Unipolar Depression and Diagnosing Bipolar Disorder

A new study brings to light the problem of incorrect or incomplete diagnosis for people afflicted with bipolar disorder. Patients receiving medication for depression or any mental dysfunction should consult the advice and guidance of a trained mental health professional. The study targeted 790 patients diagnosed with unipolar depression who had previously attended a GP practice in Darlington, Cleveland by sending them Mood Disorder Questionnaires (MDQ). Of the original 790, 278 patients returned the questionnaires and the results were that 24 percent had an episode of mania or mild mania. Subsequent assessment of the patients showed that half had bipolar disorder.

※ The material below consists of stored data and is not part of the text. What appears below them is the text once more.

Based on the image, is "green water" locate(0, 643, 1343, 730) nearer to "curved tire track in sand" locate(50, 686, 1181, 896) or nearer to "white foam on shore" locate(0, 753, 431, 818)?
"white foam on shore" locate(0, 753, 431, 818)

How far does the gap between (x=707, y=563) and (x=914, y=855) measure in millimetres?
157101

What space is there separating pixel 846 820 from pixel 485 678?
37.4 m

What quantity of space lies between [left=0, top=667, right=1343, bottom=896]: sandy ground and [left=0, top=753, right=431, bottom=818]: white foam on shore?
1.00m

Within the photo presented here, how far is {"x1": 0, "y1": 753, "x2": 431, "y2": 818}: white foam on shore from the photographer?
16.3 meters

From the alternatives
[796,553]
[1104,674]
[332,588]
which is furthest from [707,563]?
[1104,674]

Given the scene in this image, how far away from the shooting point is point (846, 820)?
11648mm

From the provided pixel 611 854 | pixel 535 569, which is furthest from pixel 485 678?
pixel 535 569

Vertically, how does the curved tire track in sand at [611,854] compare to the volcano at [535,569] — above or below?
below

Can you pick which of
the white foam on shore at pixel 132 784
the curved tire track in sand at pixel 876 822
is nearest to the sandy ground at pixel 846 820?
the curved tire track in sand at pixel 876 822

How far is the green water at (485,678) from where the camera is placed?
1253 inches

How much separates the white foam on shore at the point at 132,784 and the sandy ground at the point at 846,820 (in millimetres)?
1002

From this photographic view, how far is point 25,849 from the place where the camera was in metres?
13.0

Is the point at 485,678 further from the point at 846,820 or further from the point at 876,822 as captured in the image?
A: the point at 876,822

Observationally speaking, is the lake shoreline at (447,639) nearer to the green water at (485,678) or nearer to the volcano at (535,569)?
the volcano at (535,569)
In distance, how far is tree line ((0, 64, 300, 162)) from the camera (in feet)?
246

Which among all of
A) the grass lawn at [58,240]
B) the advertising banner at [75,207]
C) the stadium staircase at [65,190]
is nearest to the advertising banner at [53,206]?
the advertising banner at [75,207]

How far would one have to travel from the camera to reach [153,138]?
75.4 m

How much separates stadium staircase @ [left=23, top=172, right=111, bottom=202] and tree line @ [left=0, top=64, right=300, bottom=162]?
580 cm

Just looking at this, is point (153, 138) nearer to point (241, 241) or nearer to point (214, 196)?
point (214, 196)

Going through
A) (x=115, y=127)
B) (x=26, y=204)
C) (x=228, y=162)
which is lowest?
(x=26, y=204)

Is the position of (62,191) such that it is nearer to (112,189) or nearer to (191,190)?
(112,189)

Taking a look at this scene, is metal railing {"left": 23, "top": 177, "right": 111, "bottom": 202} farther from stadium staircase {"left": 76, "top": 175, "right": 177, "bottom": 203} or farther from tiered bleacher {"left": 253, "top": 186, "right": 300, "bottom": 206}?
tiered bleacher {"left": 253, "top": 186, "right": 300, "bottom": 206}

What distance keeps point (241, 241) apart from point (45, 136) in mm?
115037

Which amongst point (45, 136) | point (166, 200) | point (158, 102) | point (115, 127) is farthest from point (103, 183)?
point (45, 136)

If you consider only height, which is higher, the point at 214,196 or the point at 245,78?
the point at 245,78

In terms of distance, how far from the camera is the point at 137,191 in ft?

UK Researcher Dr. Stuart Watson from the University of Newcastle, Department of Psychiatry, points out that "treating bipolar patients as though they had depression could exacerbate the condition. ‘The guidelines say that bipolar patients shouldn’t be on an antidepressant drug without an antimania drug,’ he said. The concern is that treating bipolar disorder with antidepressants alone can exacerbate the mania side of the disorder."

Again, this study brings to light the problem of incorrect or incomplete diagnosis. The MDQ is one way to diagnose people afflicted with bipolar disorder and consulting a mental health professional for this or any other mental diagnosis and treatment is preferential. It reduces the chance of incomplete or misdiagnosis.